What the task asks:
Set down exactly, with nothing added, the lines from the one containing "Golden City 1962 topographic map thumbnail" through the end of the entries.

==== Data for this exercise

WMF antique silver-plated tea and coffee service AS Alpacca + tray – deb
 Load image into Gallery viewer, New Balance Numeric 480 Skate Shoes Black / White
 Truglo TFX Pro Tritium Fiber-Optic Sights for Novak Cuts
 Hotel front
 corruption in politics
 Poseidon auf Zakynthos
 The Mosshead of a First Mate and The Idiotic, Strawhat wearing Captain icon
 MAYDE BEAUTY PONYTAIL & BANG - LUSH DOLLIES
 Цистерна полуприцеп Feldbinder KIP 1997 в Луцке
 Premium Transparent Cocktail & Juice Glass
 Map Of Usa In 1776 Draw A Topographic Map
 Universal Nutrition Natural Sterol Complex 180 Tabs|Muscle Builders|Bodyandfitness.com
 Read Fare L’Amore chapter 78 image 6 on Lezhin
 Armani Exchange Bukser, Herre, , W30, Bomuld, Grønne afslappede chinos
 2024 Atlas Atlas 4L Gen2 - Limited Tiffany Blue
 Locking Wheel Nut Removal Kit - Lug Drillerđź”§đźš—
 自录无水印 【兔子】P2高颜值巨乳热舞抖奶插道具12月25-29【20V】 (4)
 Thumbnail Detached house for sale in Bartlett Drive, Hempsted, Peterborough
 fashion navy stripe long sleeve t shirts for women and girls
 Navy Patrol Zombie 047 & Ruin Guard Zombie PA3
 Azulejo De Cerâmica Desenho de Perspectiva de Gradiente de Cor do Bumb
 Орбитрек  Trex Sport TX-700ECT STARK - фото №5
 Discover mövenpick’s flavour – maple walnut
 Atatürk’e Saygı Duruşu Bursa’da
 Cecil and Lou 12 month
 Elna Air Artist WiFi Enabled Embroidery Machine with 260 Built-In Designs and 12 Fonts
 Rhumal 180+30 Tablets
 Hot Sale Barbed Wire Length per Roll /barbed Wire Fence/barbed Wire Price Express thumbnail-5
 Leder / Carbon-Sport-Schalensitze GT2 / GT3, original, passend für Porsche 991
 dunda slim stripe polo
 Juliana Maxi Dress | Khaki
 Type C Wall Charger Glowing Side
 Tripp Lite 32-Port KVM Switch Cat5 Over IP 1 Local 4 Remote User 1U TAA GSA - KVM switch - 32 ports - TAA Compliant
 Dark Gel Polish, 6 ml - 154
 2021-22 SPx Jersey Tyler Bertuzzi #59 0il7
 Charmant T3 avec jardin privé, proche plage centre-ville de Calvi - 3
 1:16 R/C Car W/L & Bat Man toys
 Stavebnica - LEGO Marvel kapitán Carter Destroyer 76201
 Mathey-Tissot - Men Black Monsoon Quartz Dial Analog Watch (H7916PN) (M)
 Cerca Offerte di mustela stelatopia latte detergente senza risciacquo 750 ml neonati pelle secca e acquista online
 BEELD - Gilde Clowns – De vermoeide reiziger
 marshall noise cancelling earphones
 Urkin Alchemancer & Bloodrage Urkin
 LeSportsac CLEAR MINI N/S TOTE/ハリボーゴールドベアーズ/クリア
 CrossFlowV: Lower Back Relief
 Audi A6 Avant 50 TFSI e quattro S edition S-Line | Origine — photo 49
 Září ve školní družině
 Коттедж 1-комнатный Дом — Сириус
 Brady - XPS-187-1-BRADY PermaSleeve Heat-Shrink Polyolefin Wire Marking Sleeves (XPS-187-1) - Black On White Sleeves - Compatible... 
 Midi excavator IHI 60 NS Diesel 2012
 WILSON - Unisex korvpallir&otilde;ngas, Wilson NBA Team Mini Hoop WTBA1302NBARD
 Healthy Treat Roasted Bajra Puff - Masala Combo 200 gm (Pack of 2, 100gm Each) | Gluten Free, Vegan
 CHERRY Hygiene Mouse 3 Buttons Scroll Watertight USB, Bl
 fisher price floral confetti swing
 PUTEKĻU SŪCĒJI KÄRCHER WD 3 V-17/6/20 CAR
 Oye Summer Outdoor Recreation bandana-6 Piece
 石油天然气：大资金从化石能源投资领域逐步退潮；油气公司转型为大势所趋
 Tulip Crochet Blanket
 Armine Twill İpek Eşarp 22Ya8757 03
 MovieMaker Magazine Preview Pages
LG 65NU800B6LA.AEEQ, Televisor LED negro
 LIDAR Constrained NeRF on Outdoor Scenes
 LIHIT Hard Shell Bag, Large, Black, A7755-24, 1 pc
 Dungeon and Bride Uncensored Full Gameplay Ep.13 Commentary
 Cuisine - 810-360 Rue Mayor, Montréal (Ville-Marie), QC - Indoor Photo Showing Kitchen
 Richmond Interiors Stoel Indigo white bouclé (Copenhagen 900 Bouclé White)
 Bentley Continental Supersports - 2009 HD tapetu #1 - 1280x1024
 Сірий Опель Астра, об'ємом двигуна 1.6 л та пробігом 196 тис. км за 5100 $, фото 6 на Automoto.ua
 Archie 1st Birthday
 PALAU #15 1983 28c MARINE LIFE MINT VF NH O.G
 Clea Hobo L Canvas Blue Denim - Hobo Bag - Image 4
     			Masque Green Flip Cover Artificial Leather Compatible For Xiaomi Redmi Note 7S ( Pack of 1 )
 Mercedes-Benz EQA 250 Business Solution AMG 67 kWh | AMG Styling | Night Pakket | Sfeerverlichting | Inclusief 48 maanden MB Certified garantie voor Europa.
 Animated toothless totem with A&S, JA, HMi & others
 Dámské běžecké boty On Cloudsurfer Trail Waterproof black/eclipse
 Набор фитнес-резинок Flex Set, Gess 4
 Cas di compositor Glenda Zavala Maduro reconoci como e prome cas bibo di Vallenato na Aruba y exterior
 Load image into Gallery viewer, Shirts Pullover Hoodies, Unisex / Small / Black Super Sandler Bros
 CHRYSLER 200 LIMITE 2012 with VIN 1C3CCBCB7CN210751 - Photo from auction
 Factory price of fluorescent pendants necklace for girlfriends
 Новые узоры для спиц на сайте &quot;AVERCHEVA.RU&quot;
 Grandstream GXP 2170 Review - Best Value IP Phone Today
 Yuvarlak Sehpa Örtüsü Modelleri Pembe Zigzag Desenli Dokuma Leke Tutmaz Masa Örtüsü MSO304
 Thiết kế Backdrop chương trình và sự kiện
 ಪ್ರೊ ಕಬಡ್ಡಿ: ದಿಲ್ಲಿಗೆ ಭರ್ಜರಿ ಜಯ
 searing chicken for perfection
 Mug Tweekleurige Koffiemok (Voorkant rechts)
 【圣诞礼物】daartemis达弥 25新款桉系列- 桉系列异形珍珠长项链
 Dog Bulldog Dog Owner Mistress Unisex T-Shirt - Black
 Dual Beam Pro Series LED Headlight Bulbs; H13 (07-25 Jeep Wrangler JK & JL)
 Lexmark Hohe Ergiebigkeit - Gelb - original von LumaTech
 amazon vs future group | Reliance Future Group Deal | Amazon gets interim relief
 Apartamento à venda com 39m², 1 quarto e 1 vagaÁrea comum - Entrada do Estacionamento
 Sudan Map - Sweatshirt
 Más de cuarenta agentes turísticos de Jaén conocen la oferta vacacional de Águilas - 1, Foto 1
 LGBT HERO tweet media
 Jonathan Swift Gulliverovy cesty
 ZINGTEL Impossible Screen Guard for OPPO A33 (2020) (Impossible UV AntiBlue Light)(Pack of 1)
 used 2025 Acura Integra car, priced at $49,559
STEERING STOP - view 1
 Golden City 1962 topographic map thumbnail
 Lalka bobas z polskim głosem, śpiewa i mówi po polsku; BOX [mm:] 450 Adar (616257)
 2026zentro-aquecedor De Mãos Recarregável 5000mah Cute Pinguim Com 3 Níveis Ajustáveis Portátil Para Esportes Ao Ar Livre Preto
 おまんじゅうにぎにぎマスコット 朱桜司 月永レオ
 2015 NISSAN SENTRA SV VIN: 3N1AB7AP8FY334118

========

Solution for this task:
 Golden City 1962 topographic map thumbnail
 Lalka bobas z polskim głosem, śpiewa i mówi po polsku; BOX [mm:] 450 Adar (616257)
 2026zentro-aquecedor De Mãos Recarregável 5000mah Cute Pinguim Com 3 Níveis Ajustáveis Portátil Para Esportes Ao Ar Livre Preto
 おまんじゅうにぎにぎマスコット 朱桜司 月永レオ
 2015 NISSAN SENTRA SV VIN: 3N1AB7AP8FY334118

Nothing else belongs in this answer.